_Your objective:_ All records are to be restated word for word, with pictures excluded.

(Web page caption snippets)
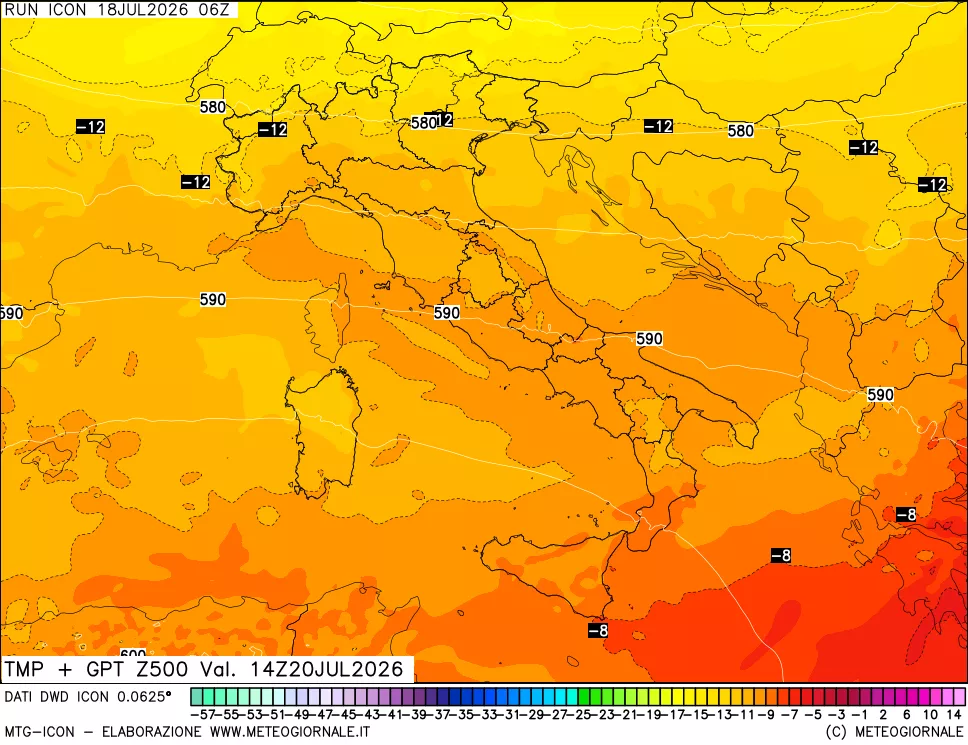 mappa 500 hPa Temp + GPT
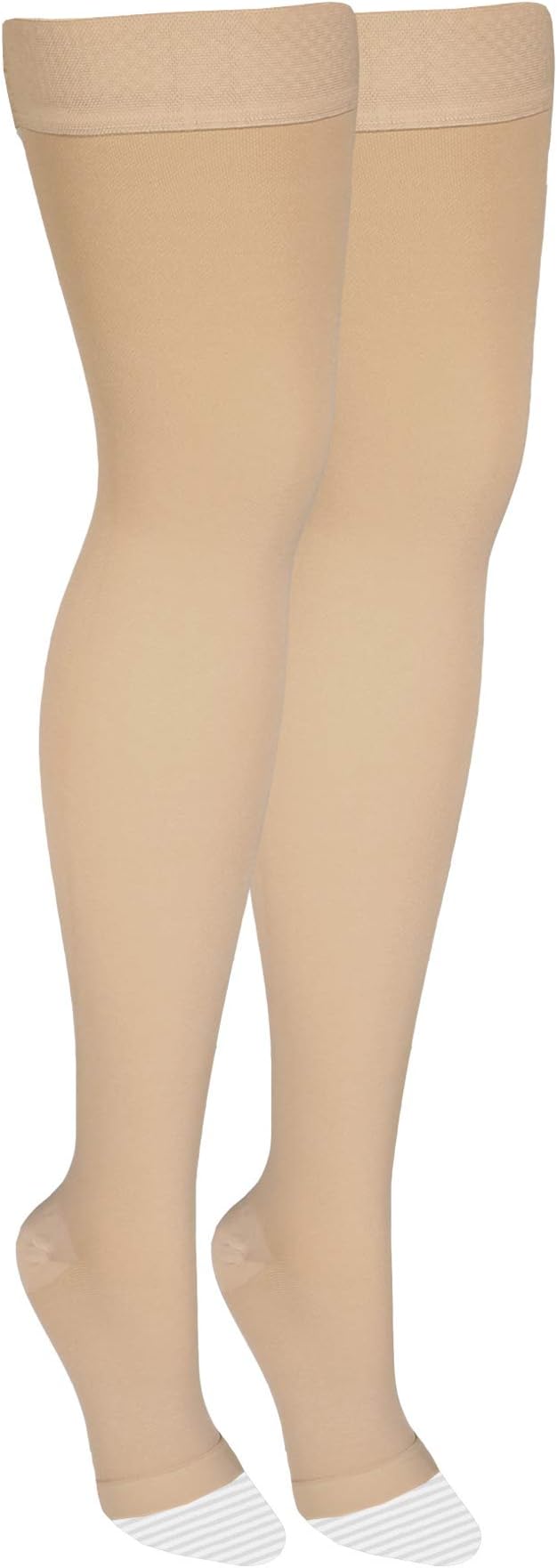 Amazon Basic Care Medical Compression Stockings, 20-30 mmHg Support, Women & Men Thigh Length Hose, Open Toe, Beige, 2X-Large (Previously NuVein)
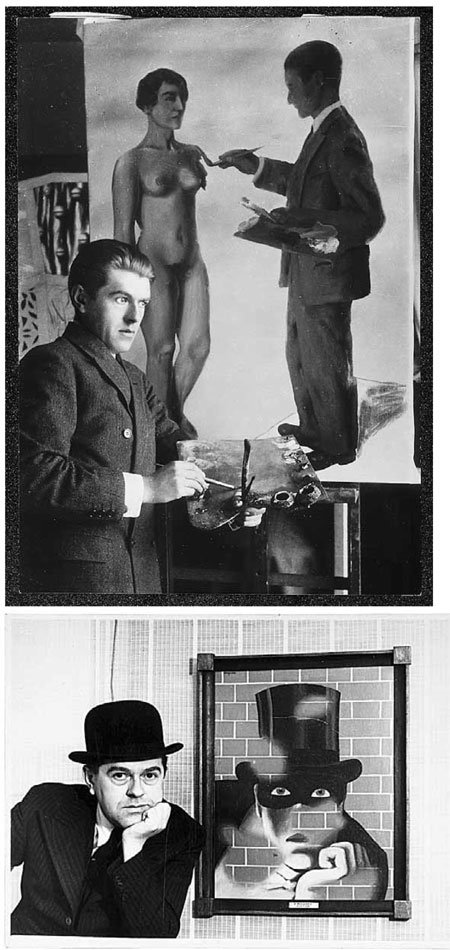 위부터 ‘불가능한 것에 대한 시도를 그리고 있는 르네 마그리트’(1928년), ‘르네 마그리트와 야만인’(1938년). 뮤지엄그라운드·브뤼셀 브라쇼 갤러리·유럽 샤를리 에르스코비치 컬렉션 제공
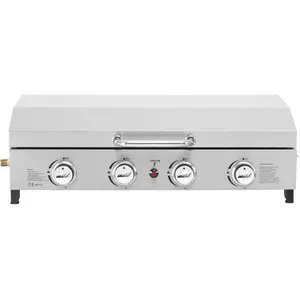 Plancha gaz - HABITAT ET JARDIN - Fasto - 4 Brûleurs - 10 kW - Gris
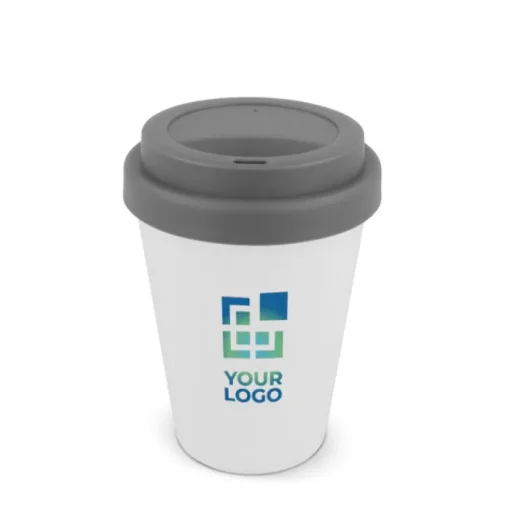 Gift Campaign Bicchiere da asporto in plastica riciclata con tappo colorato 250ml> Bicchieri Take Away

_Reply to the task:_
 mappa 500 hPa Temp + GPT
 Amazon Basic Care Medical Compression Stockings, 20-30 mmHg Support, Women & Men Thigh Length Hose, Open Toe, Beige, 2X-Large (Previously NuVein)
 위부터 ‘불가능한 것에 대한 시도를 그리고 있는 르네 마그리트’(1928년), ‘르네 마그리트와 야만인’(1938년). 뮤지엄그라운드·브뤼셀 브라쇼 갤러리·유럽 샤를리 에르스코비치 컬렉션 제공
 Plancha gaz - HABITAT ET JARDIN - Fasto - 4 Brûleurs - 10 kW - Gris
 Gift Campaign Bicchiere da asporto in plastica riciclata con tappo colorato 250ml> Bicchieri Take Away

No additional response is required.